"Clubleben ist eine Höllenmaschine" – Sebastian Baier erzählt von seiner Arbeit als Betreiber der Neuen Heimat
Was sofort auffällt, ist der riesige Schlüsselbund den Sebastian Baier mit sich rumschleppt. So einen haben nur Hausmeister oder Betreiber eines riesigen Areals. Er erzählt, dass er vergangene Nacht allein zwei Stunden gebraucht hat, um den Betrieb herunterzufahren. Sebastian ist einer von drei Betreibern der "Neuen Heimat", einem Veranstaltungsort auf dem RAW-Gelände in Friedrichshain, der viele Türen hat.

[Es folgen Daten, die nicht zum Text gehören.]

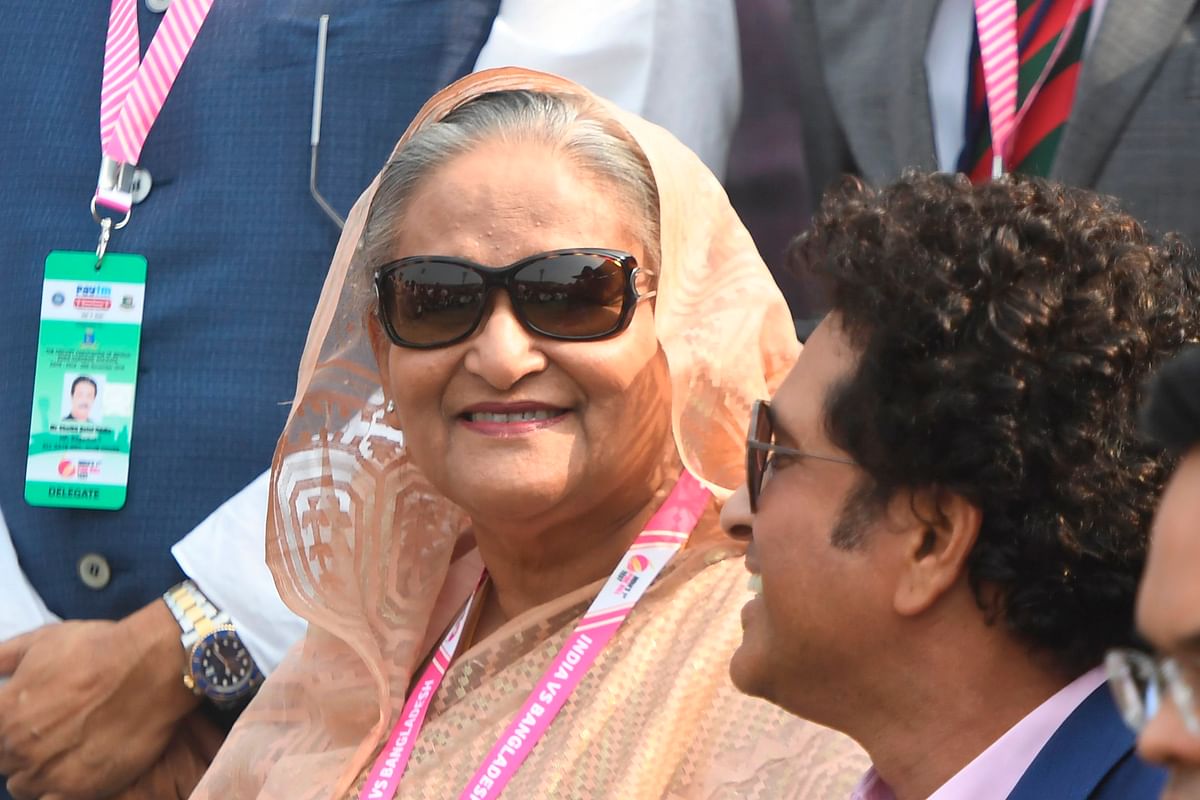 Bangladesh`s prime minister Sheikh Hasina (L) and former Indian cricketer Sachin Tendulkar attend a ceremony before the start of the first day of the second Test cricket match of a two-match series between India and Bangladesh at The Eden Gardens cricket stadium in Kolkata on 22 November 2019. Photo: AFP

In Bahnhofsruinen essen sich jedes Wochenende Sonnenbrillen tragende Berliner durch den Village Market, in einer anderen Halle spielen Jazz- oder Popbands, seit dem vergangenem Wochenende gastiert das geschlossene Stattbad Wedding mit seinen Veranstaltungen hier. Keine Frage also: Die "Neue Heimat" zählt zu den aufregendsten neuen Kulturbetrieben der Stadt.
Vor ziemlich genau einem Jahr haben die Betreiber das Gelände bezogen, ein guter Anlass meinen alten Bekannten Sebastian anzurufen und um ein Interview zu bitten. So offen hat wohl kaum ein Clubbetreiber bisher gesprochen.
Wir haben uns im Dezember auf dem Weihnachtsmarkt der "Neuen Heimat" getroffen und du warst damals ziemlich stolz auf das, was ihr hier aufgebaut habt.
Das erste halbe Jahr lief hier wirklich super. Wir haben genau vor einem Jahr zur Fußball-WM klein angefangen und in einer Halle Fußball gezeigt. Beim Village Market und Weihnachtsmarkt wurden wir regelrecht überrannt, die Presse hat über die Stadtgrenzen hinaus über uns berichtet.
Kurz danach mehrten sich Gerüchte, dass des Probleme in der "Neuen Heimat" gebe.
Ja, das stimmt, wir haben eine Anzeige bekommen und das Bauamt stand vor der Tür.
Wieso war das ein Problem?
Wir haben uns, bevor wir hier angefangen haben, mit dem Bezirksstadtrat Hans Pannhoff hingesetzt und ihm erzählt, was wir hier machen wollen. Unser Plan ist es, dass Gelände nach und nach zu erschließen und hier einen Kulturbetrieb zu bauen. Ein Bauantrag ist aber ein langer Prozess, das ist kein Parkticket, das ich mir holen kann. Es gibt viele Stufen, angefangen beim Brandschutz, über Statik etc. – was sehr viel kostet. Einige Teile des Geländes sind aktuell weit von einer offiziell genehmigten Versammlungsstätte entfernt, die wir natürlich werden wollen. Als das Bauamt im Dezember kam, haben wir eine riesige Mängelliste bekommen, die wir nun abarbeiten müssen, um den Bauantrag final genehmigt zu bekommen.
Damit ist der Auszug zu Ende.